Trials of vitamin D have little chance of showing health benefits

28 January 2014

Heart attack, stroke, cancer or bone fractures are not significantly prevented by the use of vitamin D supplements, according to a recent study.

The new study concludes that evidence is lacking for any substantial health benefits of vitamin D and that the results from several multimillion-dollar trials underway are unlikely to alter this view.

The study, led by Dr Mark Bolland from the University of Auckland, was published this week in UK medical journal, The Lancet Diabetes & Endocrinology.

It examines existing evidence from 40 randomised controlled trials and concludes that vitamin D supplementation does not prevent heart attack, stroke, cancer, or bone fractures in the general population by more than 15 percent.

“Vitamin D supplements, (that are taken by nearly half of all adults in the United States), probably provide little, if any, health benefit,” says Dr Bolland.

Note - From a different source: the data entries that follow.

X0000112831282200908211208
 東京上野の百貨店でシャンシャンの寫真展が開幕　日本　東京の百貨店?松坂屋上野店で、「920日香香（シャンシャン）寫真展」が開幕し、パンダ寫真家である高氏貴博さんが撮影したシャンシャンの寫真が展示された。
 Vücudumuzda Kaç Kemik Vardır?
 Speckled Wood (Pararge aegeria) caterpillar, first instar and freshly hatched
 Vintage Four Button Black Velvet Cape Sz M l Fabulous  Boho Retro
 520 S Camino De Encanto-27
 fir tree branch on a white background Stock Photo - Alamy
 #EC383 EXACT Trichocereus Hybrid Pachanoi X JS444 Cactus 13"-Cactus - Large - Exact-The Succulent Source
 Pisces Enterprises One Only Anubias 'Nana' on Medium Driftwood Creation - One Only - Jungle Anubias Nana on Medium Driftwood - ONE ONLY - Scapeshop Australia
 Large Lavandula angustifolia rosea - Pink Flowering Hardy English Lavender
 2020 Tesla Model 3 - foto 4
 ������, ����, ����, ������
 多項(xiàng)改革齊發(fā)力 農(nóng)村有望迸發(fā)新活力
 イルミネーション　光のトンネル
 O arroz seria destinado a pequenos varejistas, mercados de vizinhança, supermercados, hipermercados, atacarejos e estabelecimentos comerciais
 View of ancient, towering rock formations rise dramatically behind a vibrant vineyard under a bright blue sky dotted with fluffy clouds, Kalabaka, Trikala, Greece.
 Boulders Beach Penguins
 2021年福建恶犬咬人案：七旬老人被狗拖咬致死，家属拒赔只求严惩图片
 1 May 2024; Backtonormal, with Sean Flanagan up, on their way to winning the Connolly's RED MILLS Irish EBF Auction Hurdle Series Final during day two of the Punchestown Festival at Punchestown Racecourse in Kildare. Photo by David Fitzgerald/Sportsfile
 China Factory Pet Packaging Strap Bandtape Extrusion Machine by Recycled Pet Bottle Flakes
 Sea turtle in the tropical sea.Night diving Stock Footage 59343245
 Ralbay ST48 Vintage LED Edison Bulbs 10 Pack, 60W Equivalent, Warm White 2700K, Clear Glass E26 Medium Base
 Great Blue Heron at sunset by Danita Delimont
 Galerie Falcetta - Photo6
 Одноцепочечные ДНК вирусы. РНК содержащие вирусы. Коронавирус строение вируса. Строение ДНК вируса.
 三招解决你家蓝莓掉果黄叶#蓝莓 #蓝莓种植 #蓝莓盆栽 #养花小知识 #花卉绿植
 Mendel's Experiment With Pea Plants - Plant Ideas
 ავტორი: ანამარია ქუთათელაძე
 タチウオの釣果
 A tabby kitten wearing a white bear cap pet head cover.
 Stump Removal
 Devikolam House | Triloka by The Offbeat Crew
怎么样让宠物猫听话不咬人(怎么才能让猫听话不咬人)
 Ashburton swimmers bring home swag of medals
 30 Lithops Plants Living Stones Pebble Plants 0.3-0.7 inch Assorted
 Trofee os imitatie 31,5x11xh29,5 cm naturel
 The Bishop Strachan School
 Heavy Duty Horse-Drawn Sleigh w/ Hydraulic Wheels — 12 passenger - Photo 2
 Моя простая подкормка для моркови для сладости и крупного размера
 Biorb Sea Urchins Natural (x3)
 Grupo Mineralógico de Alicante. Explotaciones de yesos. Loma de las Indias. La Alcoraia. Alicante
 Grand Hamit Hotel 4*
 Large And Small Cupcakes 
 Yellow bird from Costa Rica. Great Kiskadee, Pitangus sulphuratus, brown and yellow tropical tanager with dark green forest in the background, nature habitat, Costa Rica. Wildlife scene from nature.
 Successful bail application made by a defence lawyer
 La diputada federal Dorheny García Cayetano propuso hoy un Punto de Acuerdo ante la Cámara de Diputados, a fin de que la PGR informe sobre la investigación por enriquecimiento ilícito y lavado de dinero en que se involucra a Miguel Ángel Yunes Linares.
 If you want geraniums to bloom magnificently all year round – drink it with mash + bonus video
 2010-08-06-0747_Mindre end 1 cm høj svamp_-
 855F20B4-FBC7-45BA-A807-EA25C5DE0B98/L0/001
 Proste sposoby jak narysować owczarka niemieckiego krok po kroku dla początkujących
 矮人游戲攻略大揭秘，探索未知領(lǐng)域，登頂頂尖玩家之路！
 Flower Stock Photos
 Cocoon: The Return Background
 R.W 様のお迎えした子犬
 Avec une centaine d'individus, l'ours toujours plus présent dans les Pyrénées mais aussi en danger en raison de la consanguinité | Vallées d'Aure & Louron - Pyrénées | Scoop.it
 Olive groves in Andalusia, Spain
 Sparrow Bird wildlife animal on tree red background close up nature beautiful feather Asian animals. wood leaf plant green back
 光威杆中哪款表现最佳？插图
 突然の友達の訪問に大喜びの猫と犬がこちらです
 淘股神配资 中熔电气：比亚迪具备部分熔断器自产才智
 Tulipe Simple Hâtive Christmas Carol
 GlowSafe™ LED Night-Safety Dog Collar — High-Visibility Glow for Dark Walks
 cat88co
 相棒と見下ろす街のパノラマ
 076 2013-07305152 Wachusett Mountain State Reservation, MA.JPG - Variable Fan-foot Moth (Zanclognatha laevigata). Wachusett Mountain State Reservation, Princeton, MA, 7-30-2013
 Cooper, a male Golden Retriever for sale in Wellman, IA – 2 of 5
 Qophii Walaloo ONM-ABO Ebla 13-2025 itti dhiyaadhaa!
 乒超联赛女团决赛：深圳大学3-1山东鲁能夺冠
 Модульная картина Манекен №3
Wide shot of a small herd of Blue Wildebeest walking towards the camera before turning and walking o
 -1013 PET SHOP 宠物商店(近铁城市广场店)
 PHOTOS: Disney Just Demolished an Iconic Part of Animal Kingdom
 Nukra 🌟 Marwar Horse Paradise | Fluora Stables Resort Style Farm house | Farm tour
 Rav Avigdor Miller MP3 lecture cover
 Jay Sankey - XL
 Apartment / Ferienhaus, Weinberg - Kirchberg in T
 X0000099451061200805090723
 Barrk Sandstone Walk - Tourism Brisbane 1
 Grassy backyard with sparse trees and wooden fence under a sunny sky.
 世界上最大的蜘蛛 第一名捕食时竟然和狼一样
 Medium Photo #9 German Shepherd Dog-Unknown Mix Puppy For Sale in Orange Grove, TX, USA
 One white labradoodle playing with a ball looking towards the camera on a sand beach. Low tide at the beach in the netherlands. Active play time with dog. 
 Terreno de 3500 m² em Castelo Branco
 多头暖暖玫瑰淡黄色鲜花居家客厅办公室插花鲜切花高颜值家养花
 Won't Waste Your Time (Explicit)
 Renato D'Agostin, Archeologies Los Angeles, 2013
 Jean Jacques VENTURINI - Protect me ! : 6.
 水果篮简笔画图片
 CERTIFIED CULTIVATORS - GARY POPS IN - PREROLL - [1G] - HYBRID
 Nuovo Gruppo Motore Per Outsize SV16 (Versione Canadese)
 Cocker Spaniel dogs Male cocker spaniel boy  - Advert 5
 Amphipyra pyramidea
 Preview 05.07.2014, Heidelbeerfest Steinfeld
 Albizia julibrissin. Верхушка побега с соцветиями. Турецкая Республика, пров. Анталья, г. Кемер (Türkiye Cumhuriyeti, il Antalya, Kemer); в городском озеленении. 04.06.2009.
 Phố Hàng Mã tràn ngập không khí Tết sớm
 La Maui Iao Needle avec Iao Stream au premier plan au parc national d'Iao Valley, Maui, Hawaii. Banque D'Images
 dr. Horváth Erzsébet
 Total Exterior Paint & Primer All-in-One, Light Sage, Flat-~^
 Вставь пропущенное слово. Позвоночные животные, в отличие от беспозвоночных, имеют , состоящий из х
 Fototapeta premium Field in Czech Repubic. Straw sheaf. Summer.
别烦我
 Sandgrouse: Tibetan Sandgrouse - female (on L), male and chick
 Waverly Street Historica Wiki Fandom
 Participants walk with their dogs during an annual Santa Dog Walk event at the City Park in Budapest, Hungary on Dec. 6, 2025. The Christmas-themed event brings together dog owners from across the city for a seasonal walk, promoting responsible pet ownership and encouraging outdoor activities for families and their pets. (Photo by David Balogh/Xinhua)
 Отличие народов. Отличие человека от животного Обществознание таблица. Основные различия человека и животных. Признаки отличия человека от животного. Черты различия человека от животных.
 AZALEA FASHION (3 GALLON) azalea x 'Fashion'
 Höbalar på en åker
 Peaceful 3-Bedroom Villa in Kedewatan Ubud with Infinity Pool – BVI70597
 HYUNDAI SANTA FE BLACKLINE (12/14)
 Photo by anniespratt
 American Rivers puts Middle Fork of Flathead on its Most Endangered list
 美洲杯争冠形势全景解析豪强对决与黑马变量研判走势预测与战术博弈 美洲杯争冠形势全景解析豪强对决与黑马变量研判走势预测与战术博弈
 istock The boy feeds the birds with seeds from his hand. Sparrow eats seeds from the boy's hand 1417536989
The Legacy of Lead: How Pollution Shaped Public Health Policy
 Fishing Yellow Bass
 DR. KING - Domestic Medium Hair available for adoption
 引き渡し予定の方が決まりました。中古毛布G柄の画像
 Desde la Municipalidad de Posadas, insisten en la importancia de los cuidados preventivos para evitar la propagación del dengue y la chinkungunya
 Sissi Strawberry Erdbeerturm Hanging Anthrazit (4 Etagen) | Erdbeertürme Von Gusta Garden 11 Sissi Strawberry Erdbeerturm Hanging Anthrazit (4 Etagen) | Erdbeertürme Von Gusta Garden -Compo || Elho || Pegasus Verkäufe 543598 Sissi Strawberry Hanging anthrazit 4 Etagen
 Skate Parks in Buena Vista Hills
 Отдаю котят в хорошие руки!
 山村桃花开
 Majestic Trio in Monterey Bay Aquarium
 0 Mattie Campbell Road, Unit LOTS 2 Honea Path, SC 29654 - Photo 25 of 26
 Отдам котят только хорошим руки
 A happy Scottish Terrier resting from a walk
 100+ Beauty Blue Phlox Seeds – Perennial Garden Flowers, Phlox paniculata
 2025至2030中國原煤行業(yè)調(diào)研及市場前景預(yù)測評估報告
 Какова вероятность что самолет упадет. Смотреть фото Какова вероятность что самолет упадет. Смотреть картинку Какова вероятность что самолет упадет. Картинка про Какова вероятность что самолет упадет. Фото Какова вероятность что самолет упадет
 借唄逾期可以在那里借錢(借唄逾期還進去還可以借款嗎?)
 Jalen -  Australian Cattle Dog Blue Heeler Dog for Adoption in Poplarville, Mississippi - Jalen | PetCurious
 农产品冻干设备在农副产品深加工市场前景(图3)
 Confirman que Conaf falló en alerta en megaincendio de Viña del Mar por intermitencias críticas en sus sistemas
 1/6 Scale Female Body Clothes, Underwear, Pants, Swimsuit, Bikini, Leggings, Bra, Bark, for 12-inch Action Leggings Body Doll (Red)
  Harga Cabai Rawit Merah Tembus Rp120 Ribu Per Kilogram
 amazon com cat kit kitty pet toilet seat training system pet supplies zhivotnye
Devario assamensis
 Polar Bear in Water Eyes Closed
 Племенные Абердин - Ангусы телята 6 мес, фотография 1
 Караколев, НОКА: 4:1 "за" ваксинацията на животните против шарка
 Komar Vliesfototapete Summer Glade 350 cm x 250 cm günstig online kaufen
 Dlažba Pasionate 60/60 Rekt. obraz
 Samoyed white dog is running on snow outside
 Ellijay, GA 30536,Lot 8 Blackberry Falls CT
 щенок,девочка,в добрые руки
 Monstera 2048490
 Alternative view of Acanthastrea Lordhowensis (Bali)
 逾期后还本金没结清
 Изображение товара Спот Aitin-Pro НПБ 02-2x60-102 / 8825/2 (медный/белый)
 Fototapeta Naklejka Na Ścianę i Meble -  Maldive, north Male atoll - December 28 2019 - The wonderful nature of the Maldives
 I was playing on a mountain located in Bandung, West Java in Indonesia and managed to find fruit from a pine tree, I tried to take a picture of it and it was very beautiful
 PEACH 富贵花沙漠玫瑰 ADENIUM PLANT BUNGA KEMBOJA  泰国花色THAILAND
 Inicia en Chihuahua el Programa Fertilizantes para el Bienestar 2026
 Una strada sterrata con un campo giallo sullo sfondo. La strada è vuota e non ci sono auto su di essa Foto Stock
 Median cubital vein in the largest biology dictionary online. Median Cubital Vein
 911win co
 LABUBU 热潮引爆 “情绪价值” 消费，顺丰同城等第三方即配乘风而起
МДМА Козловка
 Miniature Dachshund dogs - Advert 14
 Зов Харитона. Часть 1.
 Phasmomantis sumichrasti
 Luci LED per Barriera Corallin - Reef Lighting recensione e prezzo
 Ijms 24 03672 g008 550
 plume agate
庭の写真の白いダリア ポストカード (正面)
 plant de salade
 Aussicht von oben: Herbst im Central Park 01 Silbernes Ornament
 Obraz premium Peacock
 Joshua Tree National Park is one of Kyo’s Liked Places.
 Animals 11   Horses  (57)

Previous observational studies showed that vitamin D deficiency was strongly associated with poor health and early death. The evidence from randomised controlled trials now indicates that this association is not causal i.e. that supplementation is not likely to have any benefit.

In line with this idea, the results of a large systematic review by Philippe Autier and colleagues, published in December 2013, also in The Lancet Diabetes & Endocrinology, suggested that low levels of vitamin D are a consequence, not a cause, of ill health.

“This evidence from the randomised controlled trials now indicates that this association is not causal – that is, that supplementation is not likely to have any benefit,” says Dr Bolland.

In the new study, Dr Bolland and colleagues built on this evidence using several types of meta-analysis, including a ‘futility analysis’ that predicts the potential of future study results to sway existing evidence.

The results of their study indicate that the effect of vitamin D, taken with or without calcium, on heart attack, stroke, cancer, and total fracture lies below a ‘futility threshold’ of 15 per cent.

For hip fracture, the results of some trials even suggested increased risk with vitamin D supplementation. The authors’ analysis of whether vitamin D supplementation can reduce mortality by five per cent or more was inconclusive.